I am not sure which type of gift my dad would prefer. I think he might tear up a bit if he got a gift from just me and my sisters, and for example liquor from my sisters' husbands. That does seem a bit more sentimental. But honestly it's hard to say which one he would prefer more. He does consider my sisters' husbands to be close family. One of them (the non-Polish guy) is even learning Polish! He even converted religions just to appease my parents. They never even asked him to and they would't really give a crap either way. He's really gone out of his way to be a part of this family and we all love him for it. The other guy was already Polish so it was easier, and he is equally liked by my parents.
Valka D'Ur said:
Just because we've said "this is the way it's done" that doesn't mean it's actually the best way. It's the most expedient way, and the goal is usually to minimize the chances for a family argument (it doesn't always work).
It seems to me that an unfair splitting of the cost is more likely to lead to arguments rather than a more fair 5 way split. But mind you I come from a family of logical thinkers - physicists, math teachers, scientists, etc. Even so, I think my sisters are swayed a bit by North American traditions in this case. It's hard to say though.
Valka D'Ur said:
So $950 split 5 ways is $190 per person. Your sisters and their SOs would end up paying $380/couple. If they think you're underpaying, you could offer to make up the difference in another way... such as doing some sort of chores or other favors/services for your dad that he'd normally have to pay someone to do it.
Not sure how much extra you offered to chip in.
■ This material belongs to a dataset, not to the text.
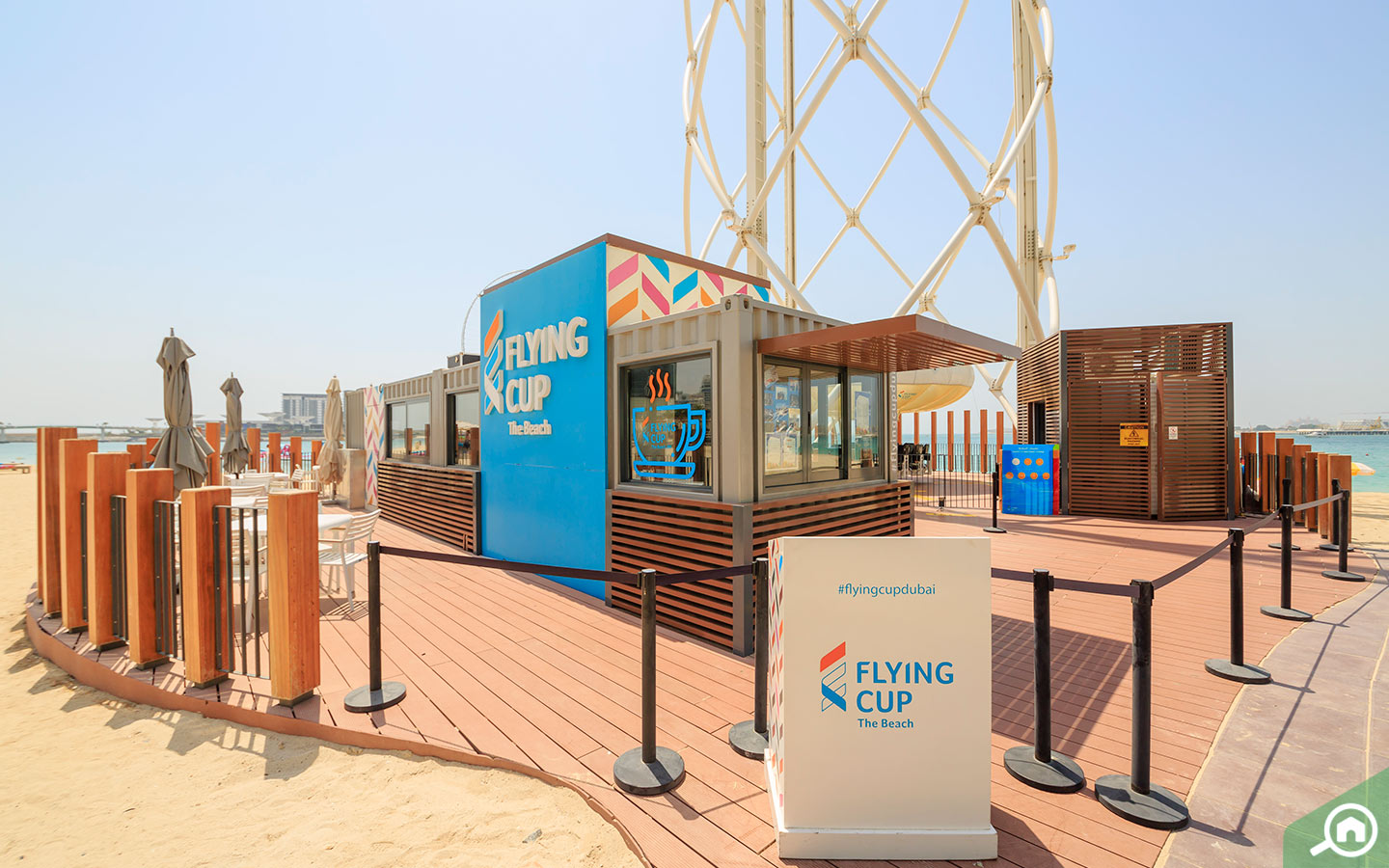 Flying Cup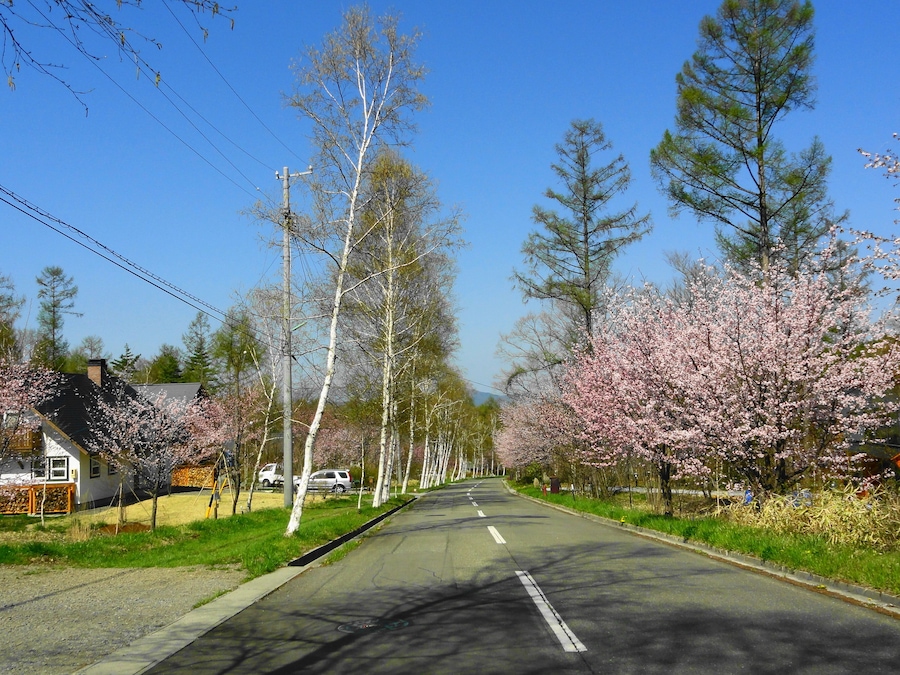 八ヶ岳 原村 白樺と桜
I didn't mention an amount but I would be willing to pay 25% of the gift, the rest split between them. I mentioned that I would pay more, but they didn't even respond to it. So I think in their minds we either split it 5 ways, or we split it 6 ways and I pay for 2 people. Doesn't seem like an "in between" solution is in the cards, but maybe I'm wrong.
I am totally for me personally paying for some other aspect of the celebrations, as a personal gesture to my father. We are taking him out to dinner to a nice restaurant. I would totally pay for his entire dinner, but my sisters want to split that too. I don't think they would like it if I paid for the whole meal, they want in on the gesture.
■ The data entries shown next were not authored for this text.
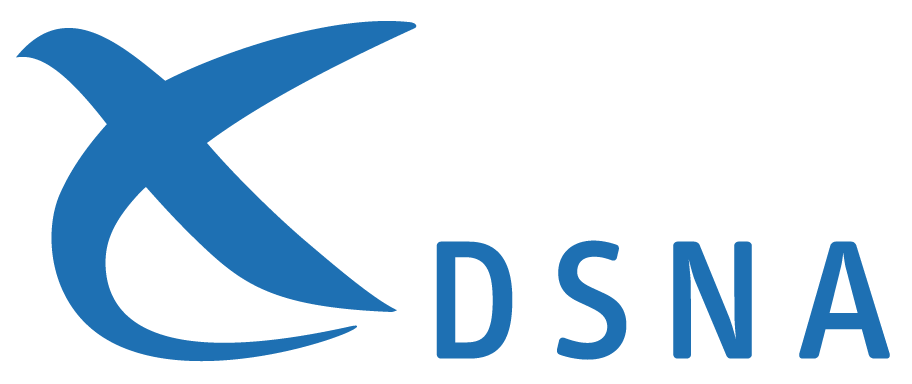 DSNA (Direction Des Services de la Navigation Aerienne)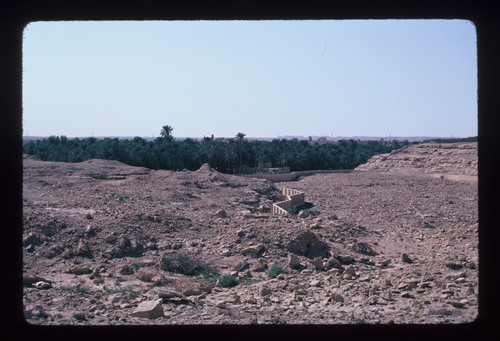 SA_22 - KM_1237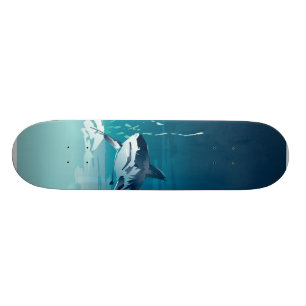 Haifisch Skateboard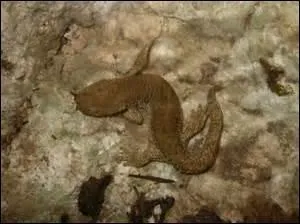 Il existe des amphibiens montagnards. À quelle famille appartient l'euprocte des Pyrénées ?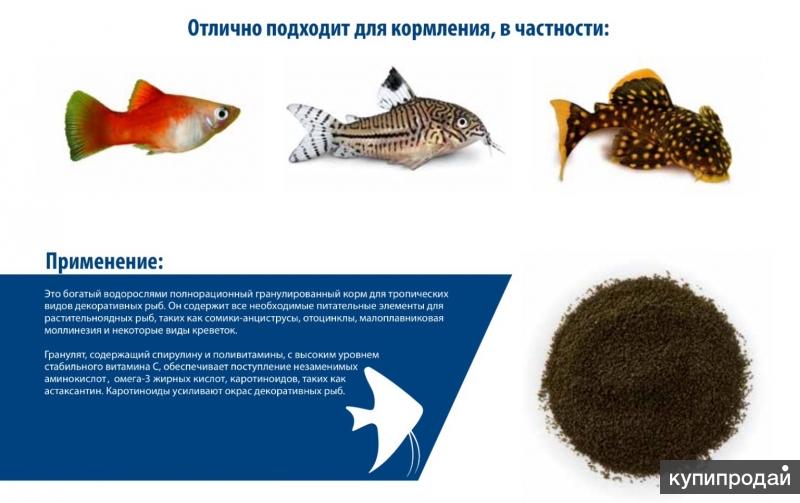 Коппенс Корм Для Рыб Купить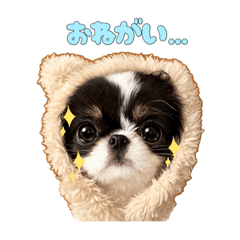 Yume Han_20260402131550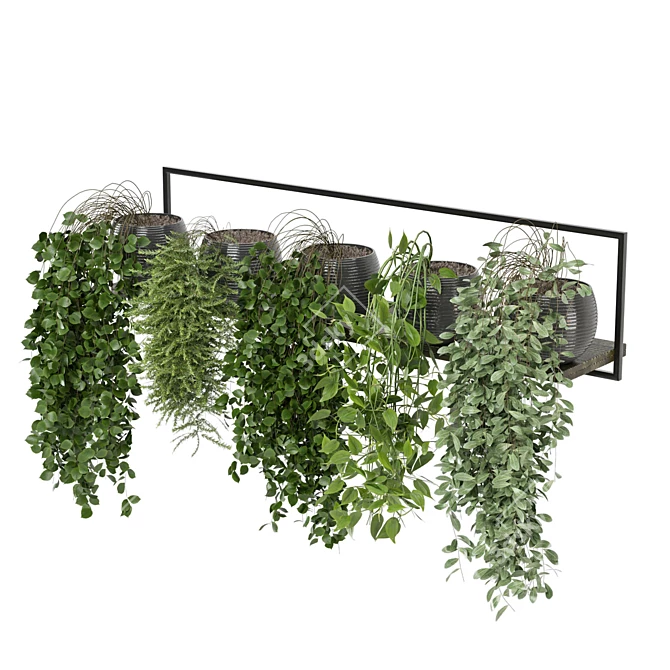 Rusty Concrete Indoor Plants Shelf 3D model image 3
Essentially this is how I look at it:
Me, my sister, and her husband order a pizza, which costs $15 after taxes and delivery. We all eat an equal amount of slices.
Does it make more sense for me to pay $7.50, my sister to pay $3.75, and her husband to pay $3.75.. or for each one of us to pay $5?
Logic drives a lot of my thoughts. I'm a math guy as well. I don't understand how it would ever make sense for me to pay $7.50 and for that to be fair. But I am willing to listen and understand why people are upset that I'm not paying for half of the pizza. The only reason I've seen so far is "Because tradition". I would need a far more logical break-down of why I'm wrong in order for me to change my mind. So if such a reason exists, please share it with me, because my mind is open and I am willing to listen.